The grisly Shanghai lockdown, now entering its eighth week, has forced a reckoning among members of Democratic America’s expert class—even if very few are willing to publicly admit it. Liberal media outlets like the New York Times, which depicted China’s draconian Zero Covid strategy as commendable in early 2021, are now rightly identifying the collateral damage that results when a government prioritizes Covid prevention above all else.
Democratic leaders and their accomplices in media and the academy, however, have yet to concede that non-pharmaceutical interventions (NPIs) were tremendously damaging to our society and ineffective in terms of quelling the virus.

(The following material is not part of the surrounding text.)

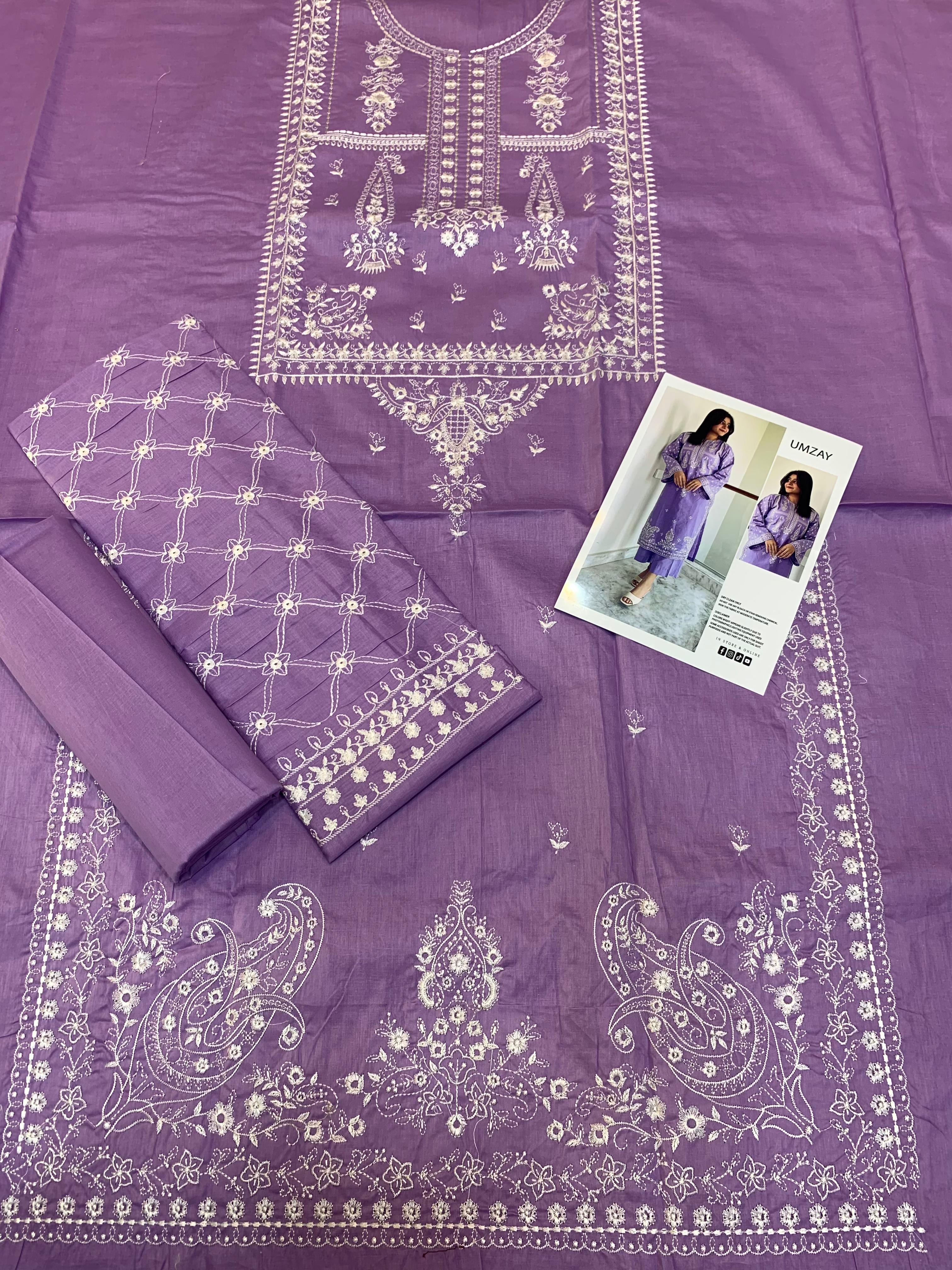 UMZAY - 2pc Embroidered Summer Lawn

Instead, they are trying to save face and maintain the legitimacy of the isolate-vaccinate paradigm, while adroitly distancing themselves from Xi Jinping’s brand of containment.
This tactical retreat is especially conspicuous among the scholars affiliated with the Council on Foreign Relations (CFR), an American think tank with locations in New York and Washington DC.
In early April of this year, CFR senior fellow Yanzhong Huang published an opinion piece for CNN entitled “Why Xi Can’t Quit Zero Covid,” criticizing the shortsightedness of the Chinese Communist Party (CCP) for its unwavering commitment to lockdowns despite their obvious societal harms. Though he lists the unfortunate “ripple effects” of China’s lockdowns, such as shortages and delayed medical care, Huang stops short of identifying these problems as intrinsic to the NPI method of disease containment. Rather, he maintains that because of their dysfunctional political system the Chinese have become overzealous: they’re separating families and killing pets!
Huang is also careful to blame the chaos in Shanghai on China’s decision to put vaccination “on the back burner”—an odd statement given that Huang’s own report for CFR, published in January 2022, asserts without a hint of skepticism that the Chinese have vaccinated 85% of their population. In the same report, Huang faults the CCP, not for locking down the city of Wuhan, but for not doing so soon enough. In other words, according to Huang, lockdowns are a good tool, but the CCP is a bad mechanic.
Months earlier, Huang sounded even less critical of China’s Covid strategy. In a September 2021 piece, authored by CNN reporters Nectar Gan and Jessie Yeung, Huang described a new, AI-powered quarantine complex in Guangzhou as the epitome of modern hygiene. “It’s arguably the most state-of-the-art quarantine center in the world, if you will—very high tech, very sophisticated,” he gushed.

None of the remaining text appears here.